Advanced Computer Architecture - ThomasMorrison
https://www.doc.ic.ac.uk/~phjk/AdvancedCompArchitecture.html
======
nickpsecurity
PhilWright and executesorder66 comments are interesting given some things that
make Hacker News without such comments. I hope the second paragraph of this
article explains things a bit more:

[https://queue.acm.org/detail.cfm?id=1189286](https://queue.acm.org/detail.cfm?id=1189286)

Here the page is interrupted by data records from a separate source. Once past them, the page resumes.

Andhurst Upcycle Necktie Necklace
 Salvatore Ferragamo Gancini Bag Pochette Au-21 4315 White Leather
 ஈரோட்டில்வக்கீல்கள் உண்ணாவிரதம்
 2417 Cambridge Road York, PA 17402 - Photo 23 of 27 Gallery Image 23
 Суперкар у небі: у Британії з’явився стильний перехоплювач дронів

The people that invented RISC, SPARC and MIPS namely, wrote some books
teaching computer architecture that had a large effect on academia, industry,
etc. This course is based on their advanced work. You get the information for
free. It's in PDF form for easy reading. Great to get stuff for free that some
people paid a lot of money to learn, eh?

Useful too. One just confirmed an idea my past year of HW research had about
180nm being sweet spot for open-source HW efforts: Pentium 4 was done on it
albeit full-custom and with Intel level of expertise. Should be able to do
plenty at that node in 2015 with application-specific designs. The 130 node
required physical verification tied to synthesis but 180-350 might work with
Qflow synthesis. Seeing what P4 achieved. I also have an upper bound on what
eventual full-custom would likely achieve. I'm extra confident in my
recommendation despite never having built an ASIC. Thanks Thomas. :)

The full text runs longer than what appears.